The drone makes it possible to bypass obstructions like reefs and backline waves which limit the normal casting range – and the angler is no longer dependent on the strength of his or her arm.
“I have heard fishermen say that they can cast 200m in perfect conditions, but I have never seen it. Most good fishermen can cast about 160m at most,” said Ballito fisherman Eric Heyns.
This casting range puts restrictions on the type of fish that can be caught from the shore.
A drone reaching out beyond the breakers.
Drone fishing emerged as a reasonably cost effective way to solve this problem, with drones costing around R1000 on the low end of the spectrum.
“With a drone you can cast about 500m offshore which puts you in range of catching pelagic fish which are much better from the sporting aspect,” said Heyns.
The way drone fishing works means that the sport remains because fighting and reeling in the fish is still done as normal.
“Apex predators in the pelagic group are not stupid. They get that big for a reason. It is still very uncommon to catch a shark because they don’t just bite on anything.”
However there are still many people who see the use of drones as cheating.
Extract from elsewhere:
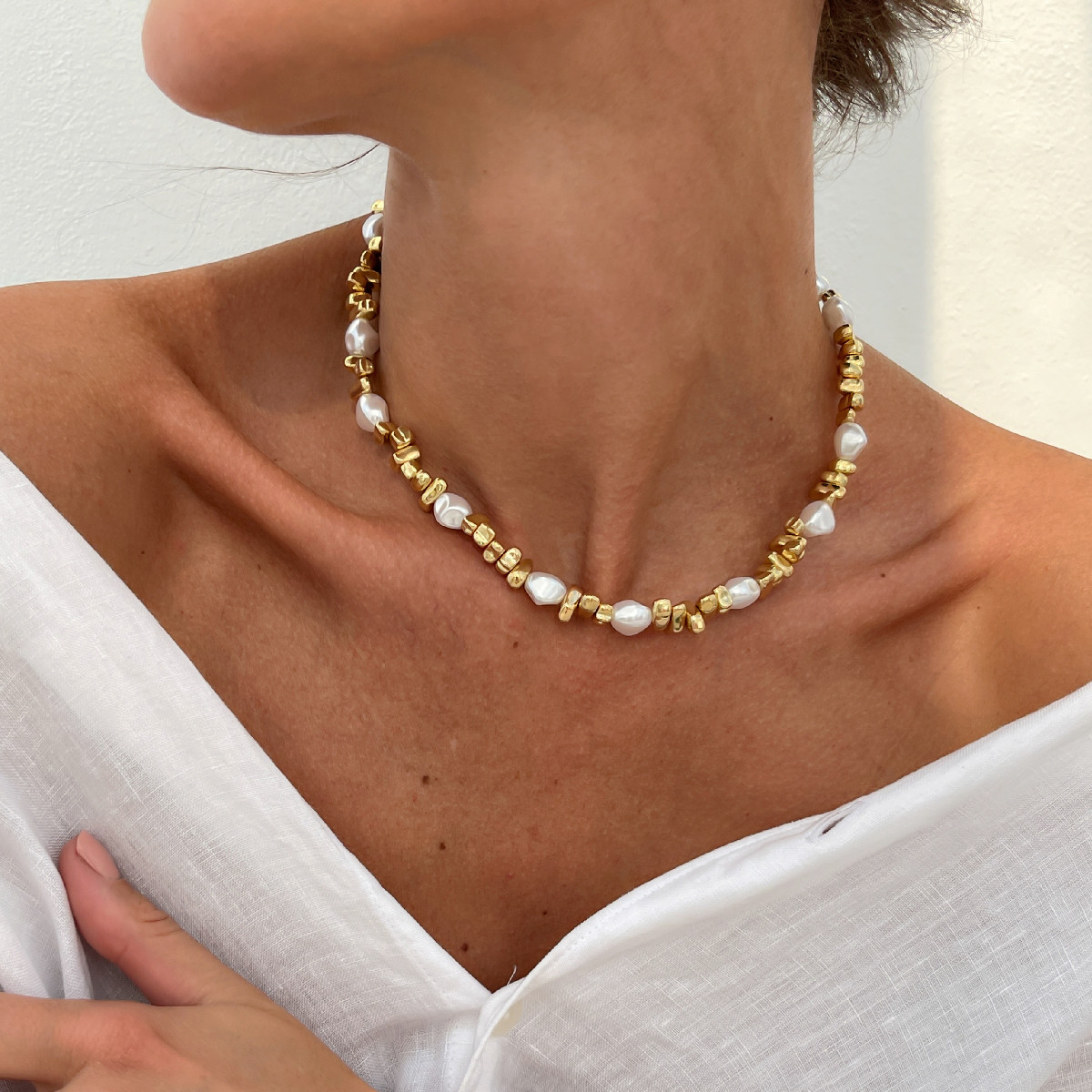 KunJoe エレガントなイミテーションパールチョーカーネッ - Pearl Choker Necklace Vintage のレビューと価格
“I understand why people say this, but it’s no different from using a jetski or kayak to get to that distance. Many fishing boats even have fish imaging software now to target gamefish. Drones are just easier to target because you can see them.”
But the Oceanographic Research Institute believes that the use of drones exposes new areas to fishing, says senior scientist Bruce Mann.
The breaker zone was previously protected, as kayak and jetski fishermen had to go further out from shore to escape the rough water.
This left an area that was unreachable from the shore and for offshore fishermen alike, where species could maintain safe breeding grounds.
Drone fishermen are able to target this area, contributing to a decrease in the fish stocks, says Mann.
Fish caught by anglers using drones have to be fought for longer to bring them to shore.
This, Mann believes, causes a buildup of lactic acid in the fish which in turn leads to increased blood glucose, reduced blood pH and exhaustion.
This means that even traditionally strong gamefish and sharks will be more vulnerable to predators when they are put back in the water.
Drone fishing is not legal in South Africa unless the operator has a licence to legally drop payloads, which requires a 4-8 week long practical training component.
The fishermen are not currently being targeted because it is a new aspect to the sport, but as awareness and conservation concerns increase, they may be liable to fines.